MPE pede cassação da chapa Dilma-Temer; ex-presidente pode se tornar inelegível
O Tribunal Superior Eleitoral (TSE) recebeu um novo parecer do processo de cassação da chapa Dilma-Temer, nesta segunda-feira (15). O pedido, assinado pelo vice-procurador-geral eleitoral, Nicolao Dino, apura se a chapa cometeu abuso de poder político e econômico para se reeleger nas eleições de 2014.
Agora, o presidente do tribunal, Gilmar Mendes, e o relator do caso, ministro Herman Benjamin, podem marcar o julgamento do pedido de cassação do agora presidente Michel Temer, que teria que se afastar do cargo, e da ex-presidente Dilma Rousseff, que sofreu um processo de impeachment em 2016 e se tornaria inelegível pelos próximos oito anos.
Cogita-se que o julgamento da chapa Dilma-Temer deve ser marcado somente na primeira quinzena de junho. Ainda há ministros que não terminaram de ler o relatório de 1,2 mil páginas elaborado por Herman Benjamin.

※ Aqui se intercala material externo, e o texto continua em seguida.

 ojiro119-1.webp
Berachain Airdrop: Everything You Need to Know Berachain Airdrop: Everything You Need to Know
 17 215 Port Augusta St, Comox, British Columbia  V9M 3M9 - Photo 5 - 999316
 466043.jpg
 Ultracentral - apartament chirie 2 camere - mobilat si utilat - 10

Além disso, o ministro Gilmar Mendes, está em viagem oficial na Rússia, onde participa da 14ª Conferência Europeia de Órgãos de Organização de Eleições. Gilmar só deve retornar ao Brasil nesta sexta-feira (19).
Assim que voltar, Mendes deve se reunir com os colegas do TSE para definir um novo calendário do julgamento – a ideia é que, assim como foi feito em abril, várias sessões em sequência sejam dedicadas à ação contra a chapa Dilma-Temer, considerado o processo mais importante da história da Corte Eleitoral.

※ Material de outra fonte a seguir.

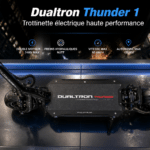 dualtron thunder 1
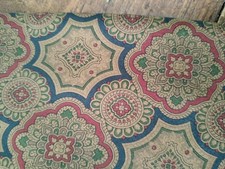 CRAVATTA  PURA SETA BOLGHERI MADE IN ITALY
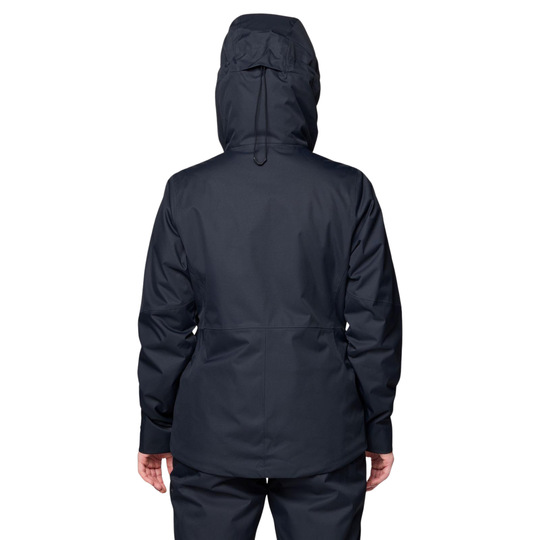 Firefall Insulated Jacket - Women's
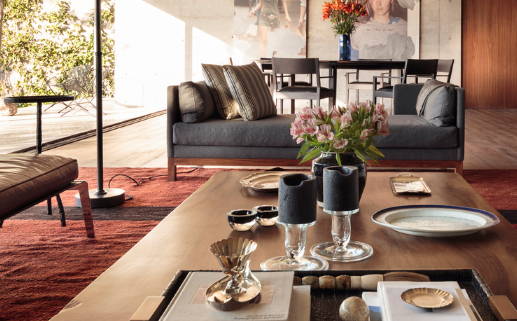 2030年09月11日乔迁黄历查询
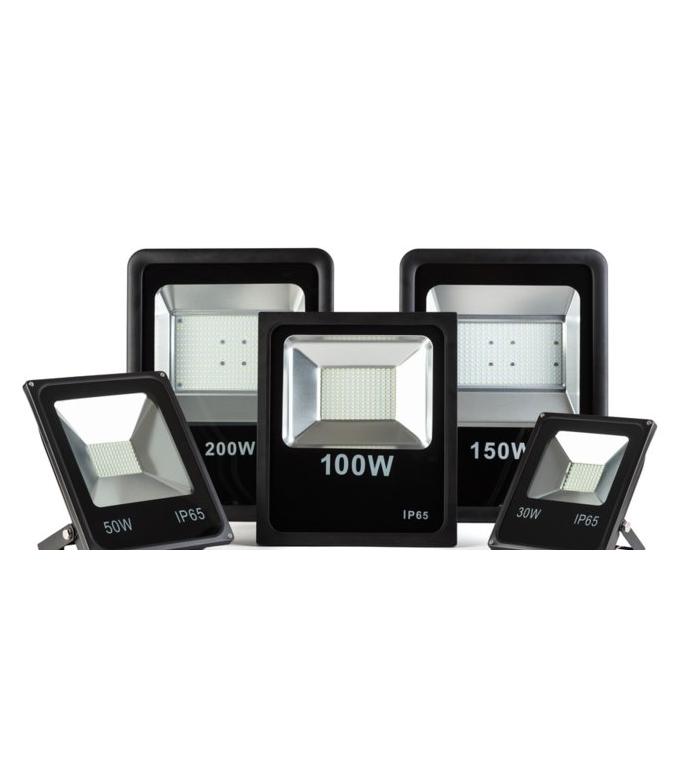 LED-Прожектори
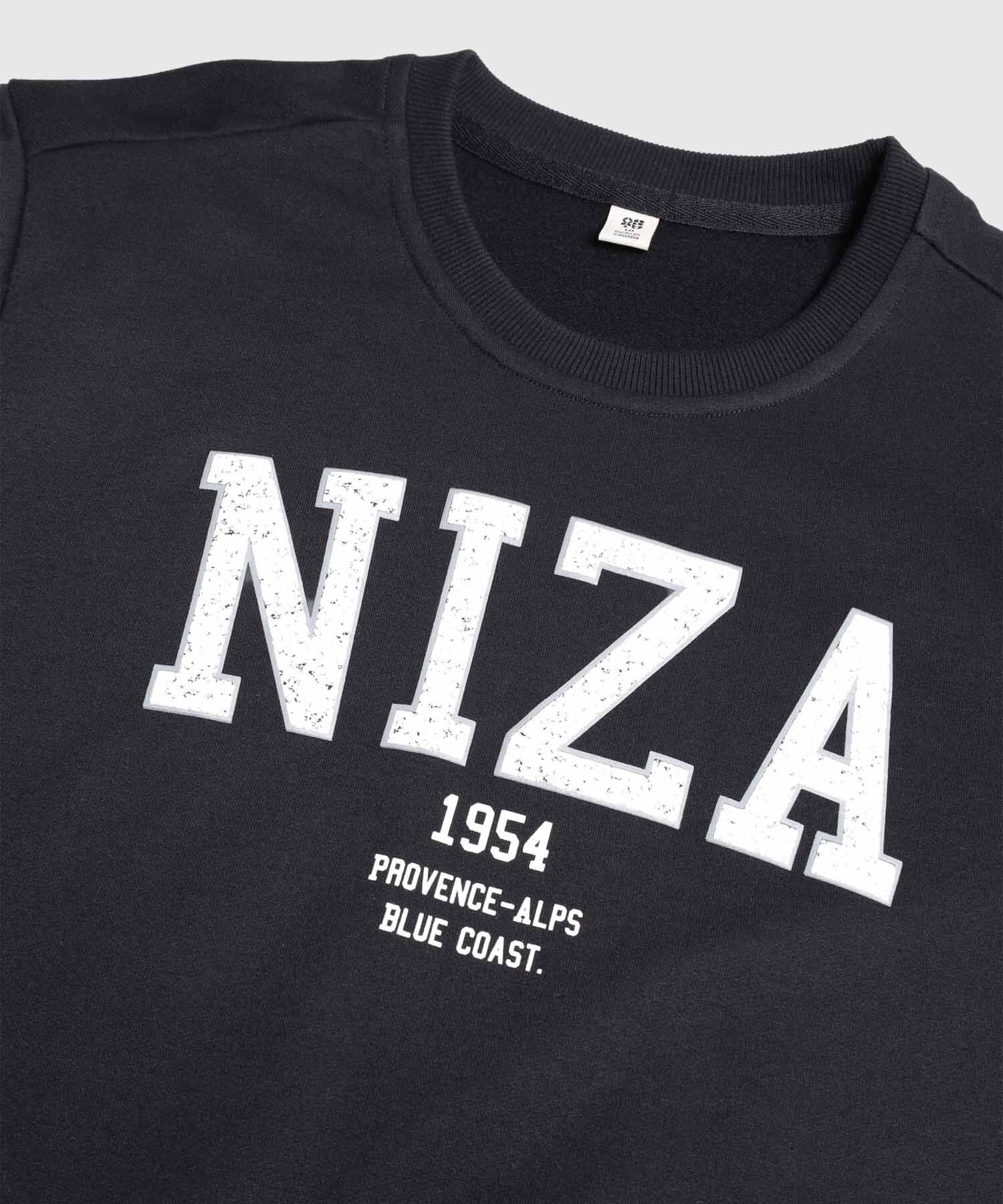 buzos para niño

Conhecimento Em março deste ano, o vice-procurador-geral eleitoral, Nicolao Dino, já havia pedido em um outro parecer a cassação da chapa Dilma-Temer e que apenas Dilma fosse considerada inelegível.
Depois da manifestação, o TSE decidiu no dia 4 de abril reabrir a fase de coleta de provas do processo, com a marcação de mais quatro depoimentos – do ex-ministro da Fazenda Guido Mantega, do marqueteiro João Santana, da empresária Mônica Moura, e de André Santana, assistente do casal.

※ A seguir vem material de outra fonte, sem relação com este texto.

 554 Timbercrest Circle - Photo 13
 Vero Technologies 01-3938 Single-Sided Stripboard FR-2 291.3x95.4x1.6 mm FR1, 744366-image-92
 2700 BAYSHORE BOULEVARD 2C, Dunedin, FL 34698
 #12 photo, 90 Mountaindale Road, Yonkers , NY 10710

Em depoimentos ao ministro Herman Benjamin, Mônica Moura e João Santana alegaram que Dilma sabia do uso de caixa 2 na sua campanha à reeleição – mas ressaltaram que não trataram de assuntos financeiros com Temer. Este é um dos principais argumentos de Dino para justificar o pedido de que Dilma seja considerada inelegível, mas não o presidente.
Se os ministros do TSE acompanharem o entendimento de Dino, decidirem cassar a chapa e tornarem apenas Dilma inelegível, o presidente Michel Temer poderia concorrer numa eleição indireta.